Wait, didn’t that happen in 1988, and didn’t Clayton Patterson already screen his footage of it in its brutal entirety?
Well, yes — but it was also reenacted last night for Ten Thousand Saints, the adaptation of Eleanor Henderson’s East Village straight-edge novel — and with Clayton off in Austria, we decided to reenact his role and film till the break of dawn (or at least till 3 a.m., when the shoot was scheduled to end).
But first we marveled at this retro-chic squad car:
Instagram gold! Just one problem: the car is from the 15th Precinct, not the Ninth, which is the one whose officers clashed with protesters on that August night.
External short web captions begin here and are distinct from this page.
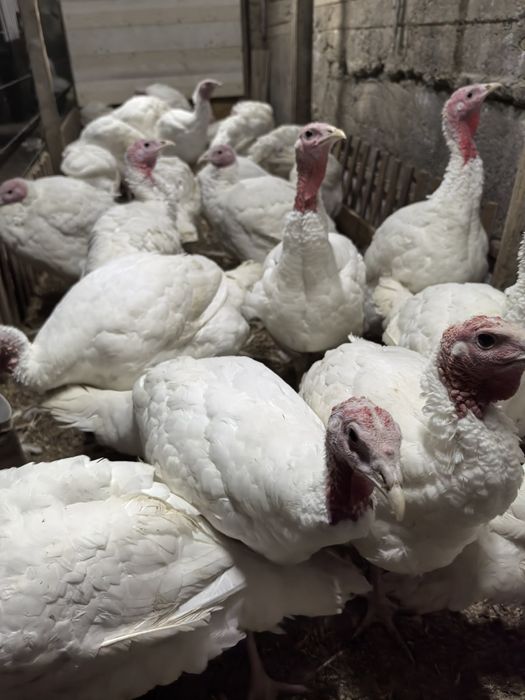 Биг 6 куркалари.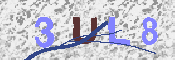 キャプチャ画像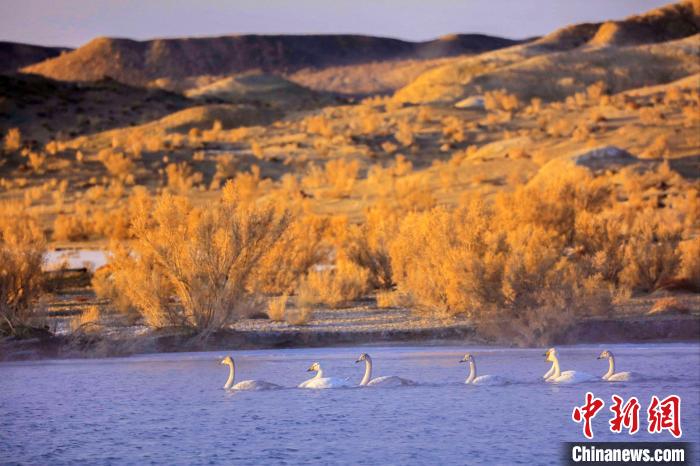 圖為黃河岸畔貴德縣迎來天鵝“做客”?！◇泱憔?攝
But whatever! Around 10 p.m. they told everyone to get ready for a “fire test.” That sounded cool. Sure enough, they lit a bonfire in the middle of East Seventh Street:
There were empty bottles at the ready (strangely, they never got smashed):
And banners set to be hoisted:
After a brief sprinkle of rain, it was time to shoot. Here’s a scene in which a pregnant Eliza, played by Hailee Steinfeld, falls to the ground during the melee and talks about “some long-lost father trying to make up for his shitty past” and how much she wants a family.
Here’s another take:
And a quick take of some cops on the run:
Most of those looking on didn’t seem too up on the history being reenacted (one passerby thought the movie was about “hippies from the ’70s”), but we did spot Chris Flash, publisher of anarchist rag The Shadow, who attended the real riots and didn’t hesitate to let a production assistant know it. “You should’ve gotten a technical adviser,” he said. “It would’ve been more authentic.”
You mean these signs aren’t authentic enough?
These leopard-print short shorts?
The fog machines simulating tear gas? The riot helmets?
One thing definitely wasn’t authentic: the park was wide open well past the midnight curfew that was the cause of these riots to begin with.
That said, police (the real police, not the 1988 police) did show some muscle: they told the crew to stop using the bullhorn, since it was after 10 p.m. And they also told a homeless guy who was mouthing off to “stop your yapping.”
Speaking of which, this was a very quiet riot. During the next scene (shot in the park, so we couldn’t get a close-up) Eliza’s companion tries to find her in the scrum. He yells “Eliza!”, someone yells “Asshole!” and cut. But during all this, the protesters hoisting “Die Yuppie Scum” signs were stone silent. Not a single cry of “Who’s park? Our park!”
In fact, if you listen to the final take, you’ll notice that the only ones making any noise are the bros in the “Frathouse of Cards / Greek Week” muscle tees. And their yappy dates, who — ironically — made a big fuss about not being let onto the set.
Welcome to the East Village, 2014.
Update: B+B reporter Jenna Marotta was on East Seventh Street around 12:30 a.m. and captured some of the ’80s-styled extras, as well as another scene in which a guy jumped off a bike and was pummeled by cops. The actors were told: “Alright guys, lots of energy! You hate these fuckers!”